CapitaLand’s overseas markets did well in the first six months of 2010. In 1H2010, revenue from overseas operations rose 10% year-on-year to S$907.5 million. China and Australia were the main contributors. Revenue from Vietnam continued to increase in line with our strategy of growing the country into our fourth core market.
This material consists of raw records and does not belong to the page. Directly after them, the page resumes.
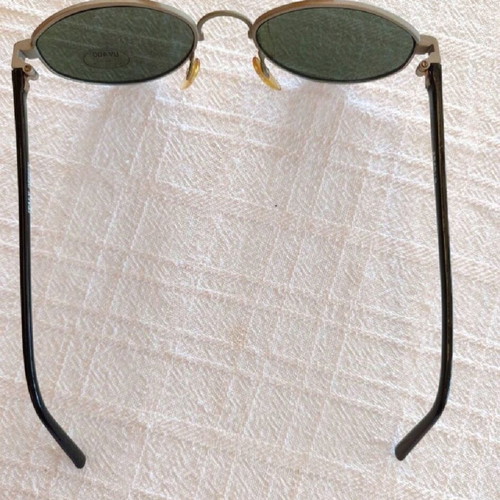 90s vintage sunglasses, UV 400 protection, Italy design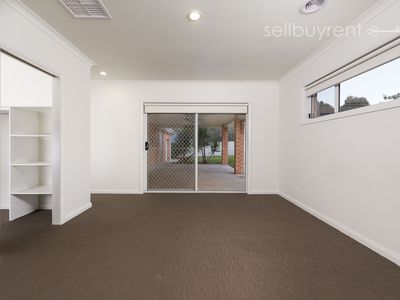 6 CADDY COURT, Wodonga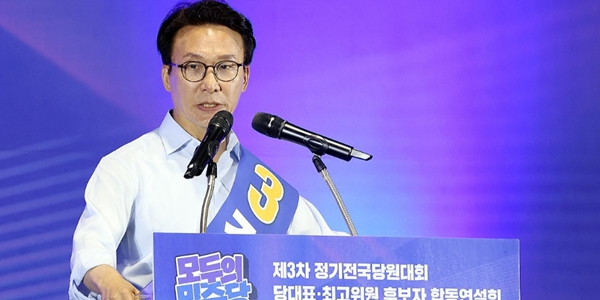 <a href='https://www.businesspost.co.kr/BP?command=article_view&num=436753' class='human_link' style='text-decoration:underline' target='_blank'>정청래</a> <a href='https://www.businesspost.co.kr/BP?command=article_view&num=439224' class='human_link' style='text-decoration:underline' target='_blank'>김민석</a> 1%P 박빙 승부, 초기 '대세론' 깨지고 '조직' 아닌 '당심'이 결정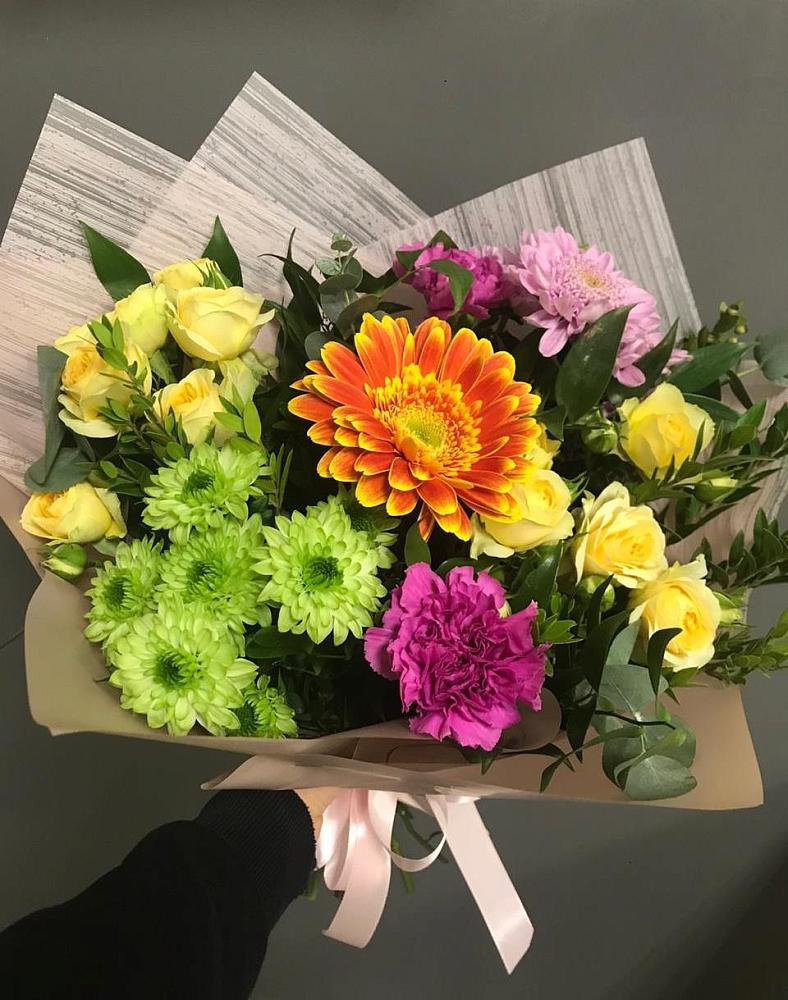 Букет цветов из: Гвоздики, Герберы, Розы и Хризантемы в Ельники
Group Earnings before Interest and Tax (EBIT) for 1H2010 was S$1.19 billion compared to the S$40.2 million recorded in the same period last year. The strong performance was mainly driven by higher profits from residential projects in Singapore and China, and a net revaluation gain from investment properties in China. Excluding the impact of revaluations and impairments, 1H2010 EBIT was S$792.8 million, 65% higher than 1H2009 on the same basis.

As at 30 June 2010, the Group’s net debt-to-equity ratio remained healthy at 0.28.